### WORK INSTRUCTIONS
Leave out all pictures while repeating the records exactly and completely.

### DATA EXTRACTS

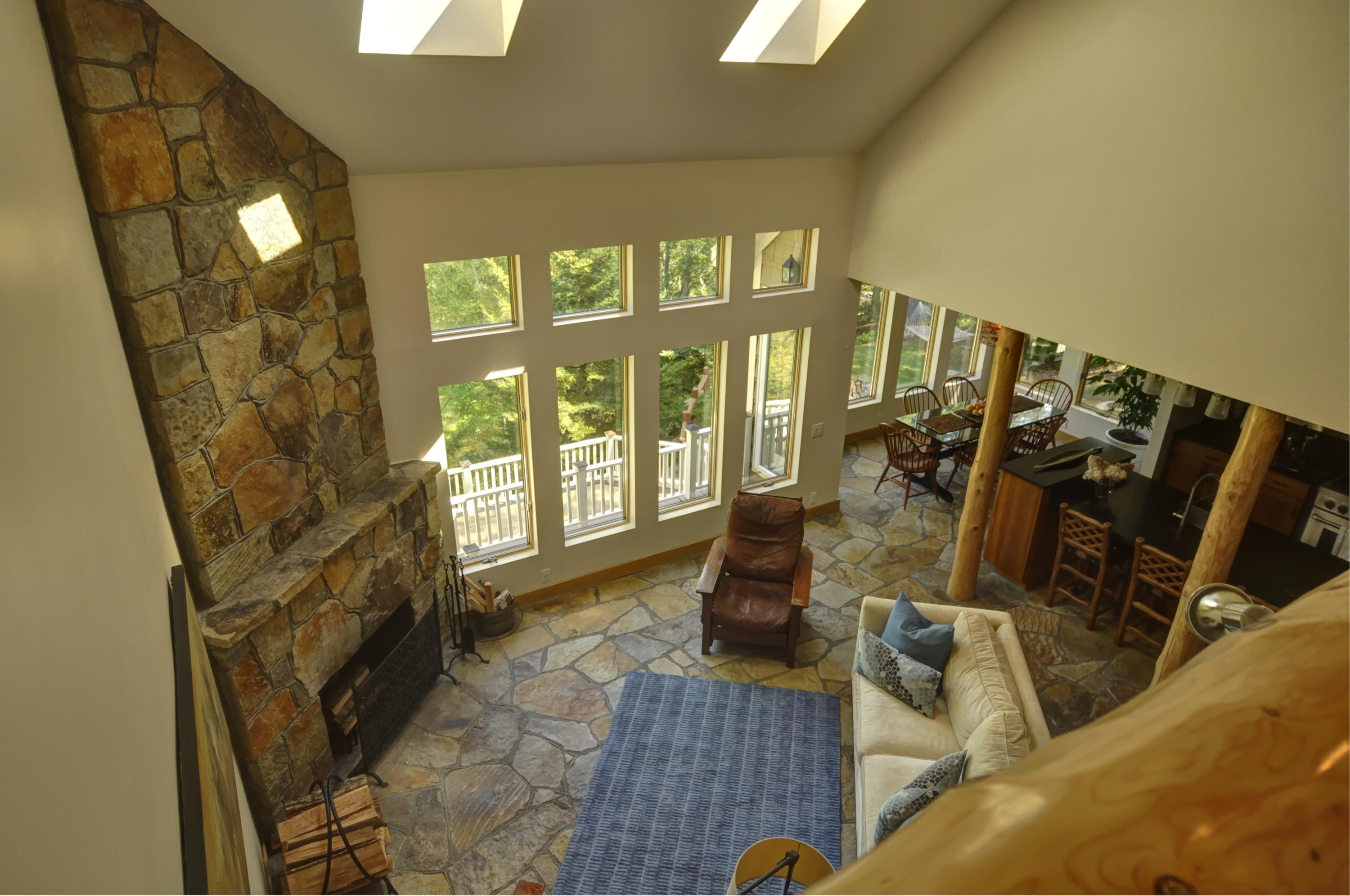 94 Meadow Cove Road East Boothbay, ME 04544 - Photo 10 of 34 11Living Room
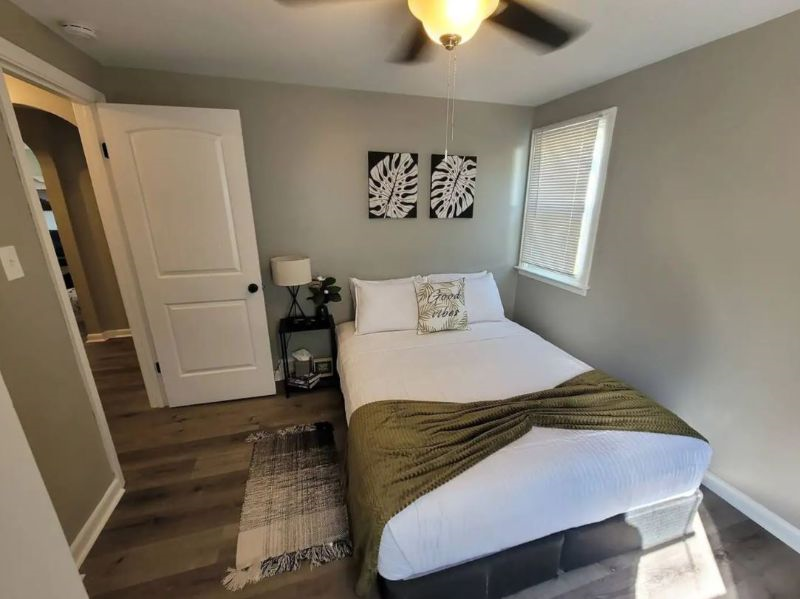Modern 3 Bedroom home in the City of Good Neighbors - Photo 8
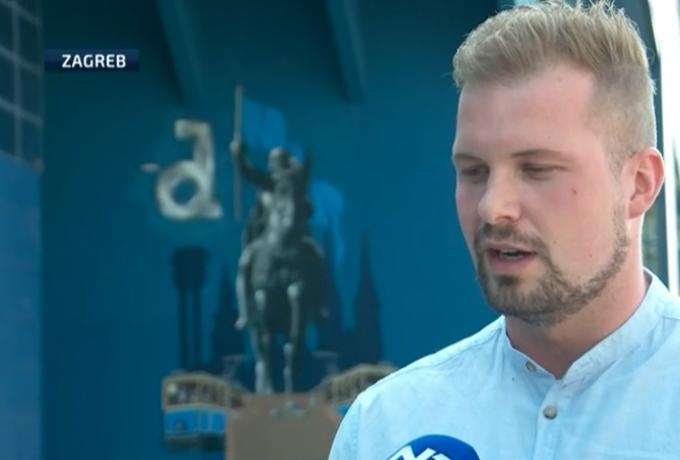 Προκαλεί η επίσημη Ντιναμό: «Η ΑΕΚ αποφάσισε να επιτεθεί στην ομάδα μας»! thumb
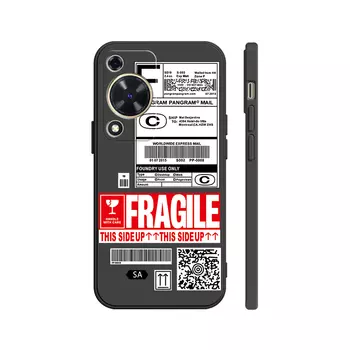 Чехол для телефона с камнями Stones, Rubik's Cube Antique White - DWSTSMF077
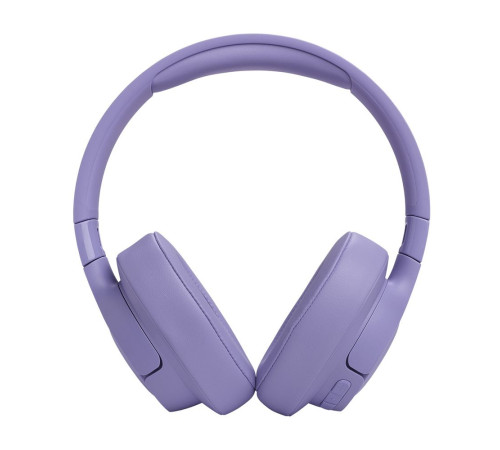 Гарнитура беспроводная JBL Tune 770NC, пурпурный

### SOLUTION
 94 Meadow Cove Road East Boothbay, ME 04544 - Photo 10 of 34 11Living Room
Modern 3 Bedroom home in the City of Good Neighbors - Photo 8
 Προκαλεί η επίσημη Ντιναμό: «Η ΑΕΚ αποφάσισε να επιτεθεί στην ομάδα μας»! thumb
 Чехол для телефона с камнями Stones, Rubik's Cube Antique White - DWSTSMF077
 Гарнитура беспроводная JBL Tune 770NC, пурпурный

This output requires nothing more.